What you will do
Among the entries below, extract exactly the lines that run from the one with "607 Grove Street photos photos" through the one with "2008 Chevrolet Silverado", both ends included.

Data to use
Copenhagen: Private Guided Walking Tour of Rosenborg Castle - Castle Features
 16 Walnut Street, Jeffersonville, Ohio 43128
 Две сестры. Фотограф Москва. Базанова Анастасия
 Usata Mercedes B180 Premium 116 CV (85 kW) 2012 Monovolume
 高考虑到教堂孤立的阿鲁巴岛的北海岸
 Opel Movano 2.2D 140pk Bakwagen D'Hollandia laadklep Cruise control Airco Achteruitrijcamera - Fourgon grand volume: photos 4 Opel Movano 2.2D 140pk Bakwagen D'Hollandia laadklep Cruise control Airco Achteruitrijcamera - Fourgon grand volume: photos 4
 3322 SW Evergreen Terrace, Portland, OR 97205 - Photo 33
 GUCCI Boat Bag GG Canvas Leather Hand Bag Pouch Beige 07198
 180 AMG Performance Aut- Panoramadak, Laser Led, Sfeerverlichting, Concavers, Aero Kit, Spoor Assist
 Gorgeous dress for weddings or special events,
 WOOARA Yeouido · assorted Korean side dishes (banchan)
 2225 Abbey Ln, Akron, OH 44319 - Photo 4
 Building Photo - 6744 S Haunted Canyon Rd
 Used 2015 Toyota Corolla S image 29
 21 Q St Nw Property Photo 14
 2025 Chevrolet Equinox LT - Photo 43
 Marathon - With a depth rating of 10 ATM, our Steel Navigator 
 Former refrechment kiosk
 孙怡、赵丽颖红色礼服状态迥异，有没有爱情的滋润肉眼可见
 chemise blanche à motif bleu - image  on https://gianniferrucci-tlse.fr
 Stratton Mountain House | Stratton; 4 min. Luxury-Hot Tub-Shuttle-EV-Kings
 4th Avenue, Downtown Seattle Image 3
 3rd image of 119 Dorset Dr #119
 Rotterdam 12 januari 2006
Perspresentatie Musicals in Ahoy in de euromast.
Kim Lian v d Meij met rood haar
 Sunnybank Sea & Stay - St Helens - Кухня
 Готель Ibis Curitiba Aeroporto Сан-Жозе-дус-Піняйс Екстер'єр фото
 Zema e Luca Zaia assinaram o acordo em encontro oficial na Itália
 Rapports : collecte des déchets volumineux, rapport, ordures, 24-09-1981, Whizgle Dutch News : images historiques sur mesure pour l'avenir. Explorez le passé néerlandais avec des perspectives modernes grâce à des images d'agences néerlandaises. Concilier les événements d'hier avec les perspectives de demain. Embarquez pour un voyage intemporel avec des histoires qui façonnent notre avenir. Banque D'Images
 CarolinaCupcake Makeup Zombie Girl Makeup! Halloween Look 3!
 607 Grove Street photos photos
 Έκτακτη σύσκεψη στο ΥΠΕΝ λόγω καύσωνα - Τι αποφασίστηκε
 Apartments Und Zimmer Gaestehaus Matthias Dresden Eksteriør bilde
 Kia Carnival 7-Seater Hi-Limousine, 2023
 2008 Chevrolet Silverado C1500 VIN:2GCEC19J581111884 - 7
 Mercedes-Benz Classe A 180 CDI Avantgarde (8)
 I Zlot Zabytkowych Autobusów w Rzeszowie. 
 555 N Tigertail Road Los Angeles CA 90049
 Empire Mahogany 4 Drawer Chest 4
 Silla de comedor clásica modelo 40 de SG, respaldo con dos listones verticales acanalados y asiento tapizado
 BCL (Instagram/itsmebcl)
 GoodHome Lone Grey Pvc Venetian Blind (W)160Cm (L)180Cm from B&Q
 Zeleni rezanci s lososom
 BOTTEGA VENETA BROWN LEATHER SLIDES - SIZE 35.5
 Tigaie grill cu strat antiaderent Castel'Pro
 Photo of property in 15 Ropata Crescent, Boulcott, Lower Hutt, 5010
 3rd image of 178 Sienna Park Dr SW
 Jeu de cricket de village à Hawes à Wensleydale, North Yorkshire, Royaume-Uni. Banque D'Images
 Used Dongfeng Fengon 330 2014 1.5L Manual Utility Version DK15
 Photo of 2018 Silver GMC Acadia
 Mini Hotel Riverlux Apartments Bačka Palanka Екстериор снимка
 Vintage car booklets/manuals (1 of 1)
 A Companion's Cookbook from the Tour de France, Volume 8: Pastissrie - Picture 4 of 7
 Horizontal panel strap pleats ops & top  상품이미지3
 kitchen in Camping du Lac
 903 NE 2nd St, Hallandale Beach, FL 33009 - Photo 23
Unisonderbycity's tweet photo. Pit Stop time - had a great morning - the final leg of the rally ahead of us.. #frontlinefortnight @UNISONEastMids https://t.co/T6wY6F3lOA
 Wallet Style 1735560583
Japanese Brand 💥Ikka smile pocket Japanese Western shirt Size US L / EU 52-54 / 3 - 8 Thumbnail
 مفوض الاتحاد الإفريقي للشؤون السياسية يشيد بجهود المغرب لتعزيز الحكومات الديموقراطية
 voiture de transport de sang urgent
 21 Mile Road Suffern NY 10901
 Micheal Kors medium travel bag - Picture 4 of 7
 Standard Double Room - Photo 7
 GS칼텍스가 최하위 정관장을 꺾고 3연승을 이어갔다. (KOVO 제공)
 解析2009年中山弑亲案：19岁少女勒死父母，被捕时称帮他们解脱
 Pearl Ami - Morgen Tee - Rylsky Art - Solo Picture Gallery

Response area
 607 Grove Street photos photos
 Έκτακτη σύσκεψη στο ΥΠΕΝ λόγω καύσωνα - Τι αποφασίστηκε
 Apartments Und Zimmer Gaestehaus Matthias Dresden Eksteriør bilde
 Kia Carnival 7-Seater Hi-Limousine, 2023
 2008 Chevrolet Silverado C1500 VIN:2GCEC19J581111884 - 7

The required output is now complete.